PROBLEM DESCRIPTION – Set down a true copy of the data, with all pictures left out.

Short text fragments from websites
────────────────
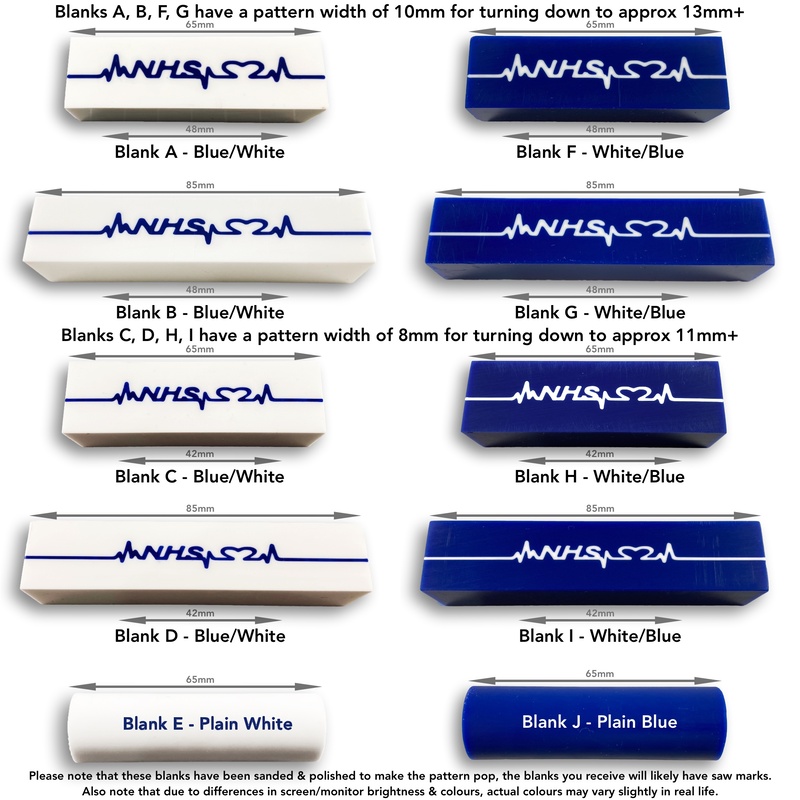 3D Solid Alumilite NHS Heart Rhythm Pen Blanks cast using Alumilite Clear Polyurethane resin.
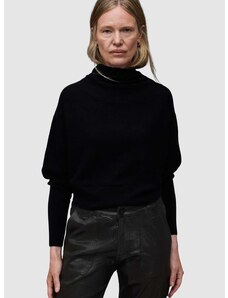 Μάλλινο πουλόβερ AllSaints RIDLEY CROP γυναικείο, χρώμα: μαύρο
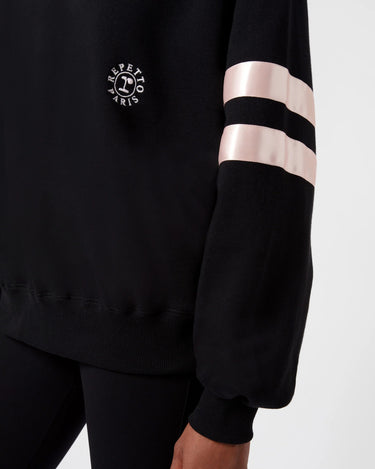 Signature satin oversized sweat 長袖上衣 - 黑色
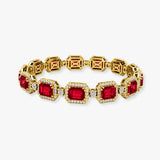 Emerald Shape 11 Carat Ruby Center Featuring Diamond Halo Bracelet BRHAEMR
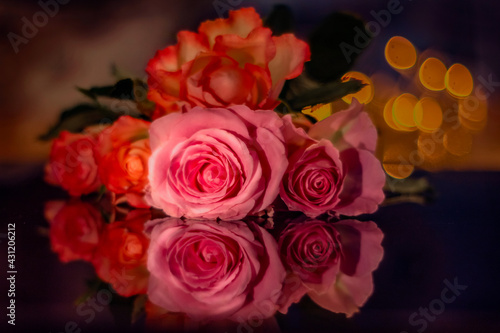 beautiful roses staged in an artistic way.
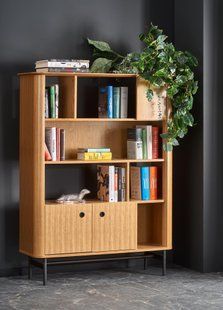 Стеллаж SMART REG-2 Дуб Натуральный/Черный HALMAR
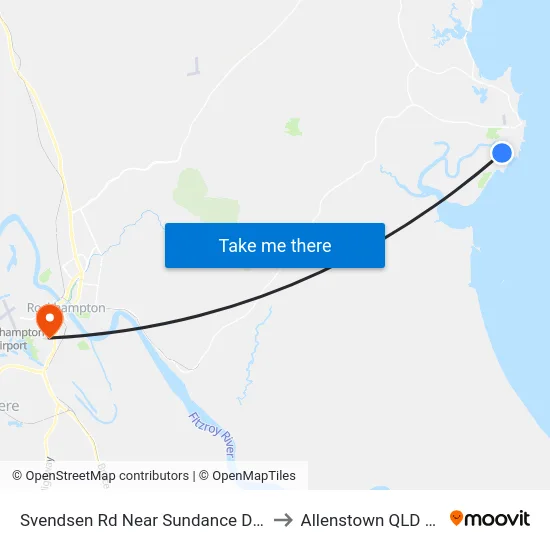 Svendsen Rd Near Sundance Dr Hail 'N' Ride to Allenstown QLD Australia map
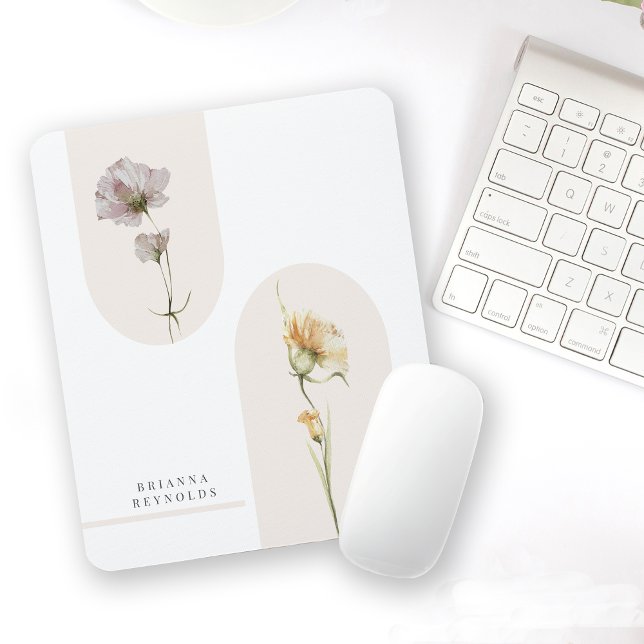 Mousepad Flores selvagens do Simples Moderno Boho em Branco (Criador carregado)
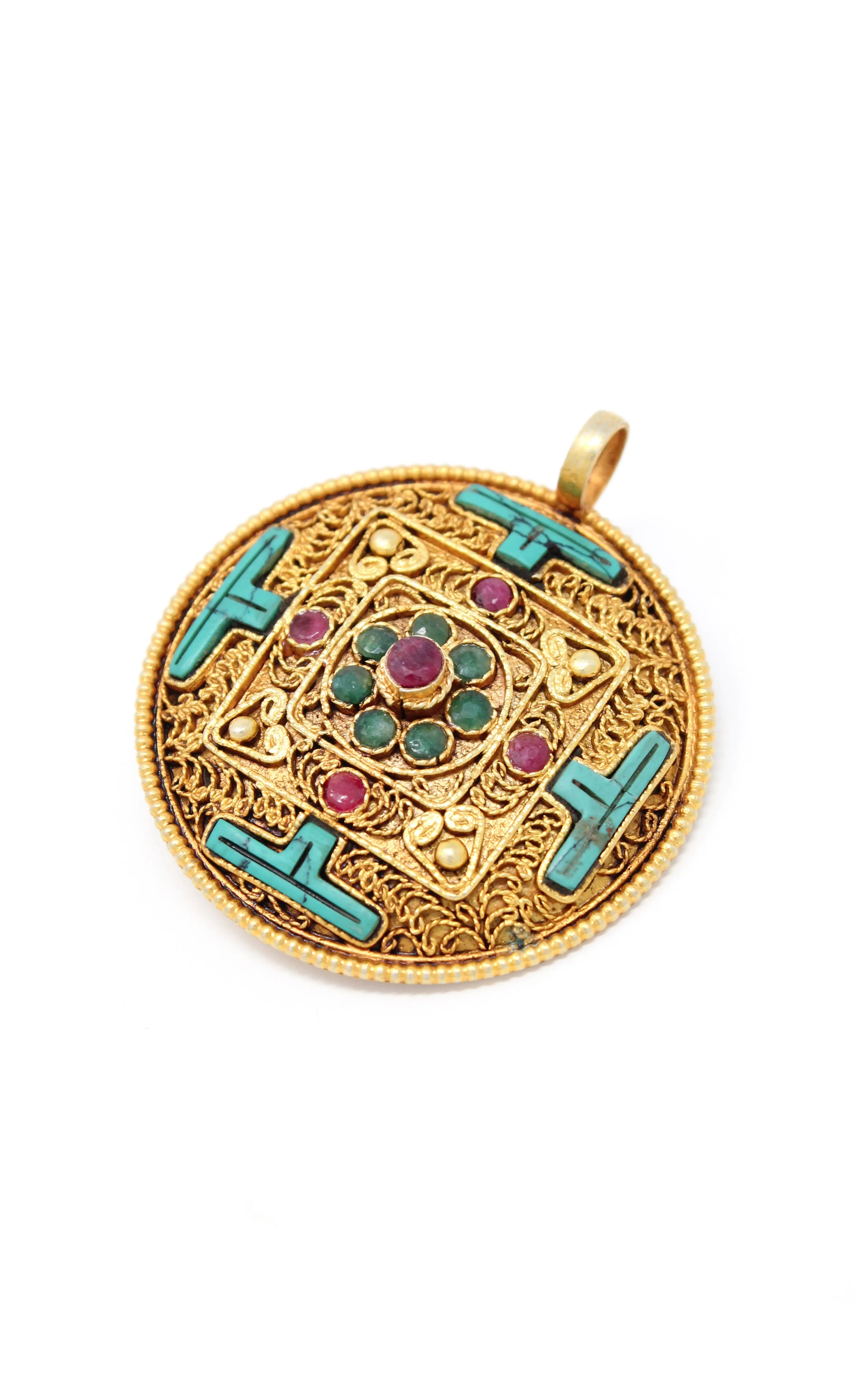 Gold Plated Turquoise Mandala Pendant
────────────────
TASK RESPONSE –
 3D Solid Alumilite NHS Heart Rhythm Pen Blanks cast using Alumilite Clear Polyurethane resin.
 Μάλλινο πουλόβερ AllSaints RIDLEY CROP γυναικείο, χρώμα: μαύρο
 Signature satin oversized sweat 長袖上衣 - 黑色
 Emerald Shape 11 Carat Ruby Center Featuring Diamond Halo Bracelet BRHAEMR
 beautiful roses staged in an artistic way.
 Стеллаж SMART REG-2 Дуб Натуральный/Черный HALMAR
 Svendsen Rd Near Sundance Dr Hail 'N' Ride to Allenstown QLD Australia map
 Mousepad Flores selvagens do Simples Moderno Boho em Branco (Criador carregado)
 Gold Plated Turquoise Mandala Pendant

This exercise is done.